寂寥たる月はふたりのために温厚さを取り戻し、黒染めの夜空で兎と餅つきをしていた。
「やっぱりおぬしのひざの上は、いい」
「そう、よかった」
感慨深げに呟く女の子に、ほっと安堵の息を漏らす青年。ふたりは揃って月を眺めていた。

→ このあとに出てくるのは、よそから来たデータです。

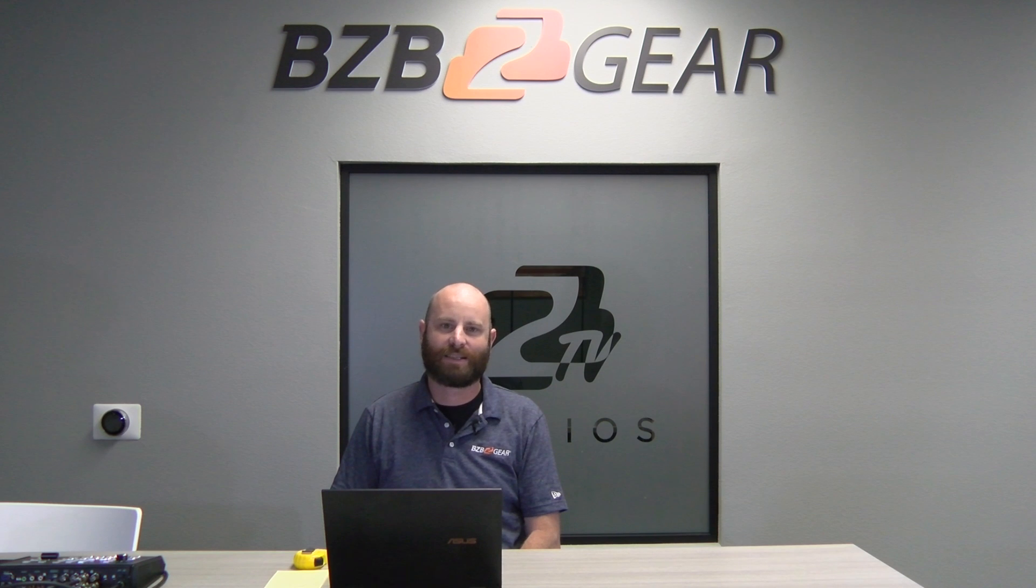Hey guys, welcome back again. Got another little tech video for you here. Today we're going to be discussing our AV over IP system and how to create a video wall with it. So I'm not going to waste a lot of time with any silly intro or anything. Let's just dive right in.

女の子に両手には名物のピーナッツせんべいと塩羊羹が握られ、はむはむと忙しなく口に運んでいる。月を見ているのかお菓子を見ているのか。甚だ怪しいものだ。
「もっとゆっくり食べなよ」
「時が惜しい」
青年が嗜めるものの、ぼりぼり食べる端からこぼれ落ちるピーナッツ。ため息ひとつ零した青年は彼女の振袖に転がったピーナッツを拾い、ぱくりと食べた。
「明日も、来るのじゃぞ」
羊羹で頬を膨らませた女の子が背を仰ぎ見た。口もとには餡子がついている。
「明日の晩も冷えるかわからないってばさ」
青年は柔らかな笑みで彼女の頭を撫でる。
「武勇の神ならシベリア寒気団を従えて来ぬか」
「僕、日本の神様だからね?」
「遠征はお手のものであろ」
「ホント君、無茶言うよね」
「返事はイエスかハイしか聞かぬ」
「……善処します」
「よろしい」
女の子は満足げに微笑む。青年は身をかがめ、女の子の口もとについた餡子をぺろりと舐めとった。幼女の肩がビクリと揺れる。
「いつまでもお子様なんだから」
「……ふん」
頬を赤らめた女の子はポスンと青年の胸に背を預け、月を見上げた。青年は女の子のつむじに顎をつけ、やはり月を見上げる。
「良い月だの」
「だねぇ」
「浮気は」
「してないってば」
「本当かの?」
「……君と何百年一緒にいると思ってるの?」
凪の湖面で、ふたりは静かに時の静寂に揺蕩っていた。
月が山に隠れると、湖面に浮かぶ密色の影は薄ぼけて行き、やがて夜闇に溶けこんだ。
あたりは、湖上を渡る寒風が吹きすさぶばかりだった。
この地方には、古くからの言い伝えがある。
厳冬の、良く晴れた夜。
湖上の御神渡りの、ちょうど真ん中で、騒がしくも仲睦まじく月を眺める、夫婦神の姿あり。
その姿を見た男女は、仲良き夫婦となるという。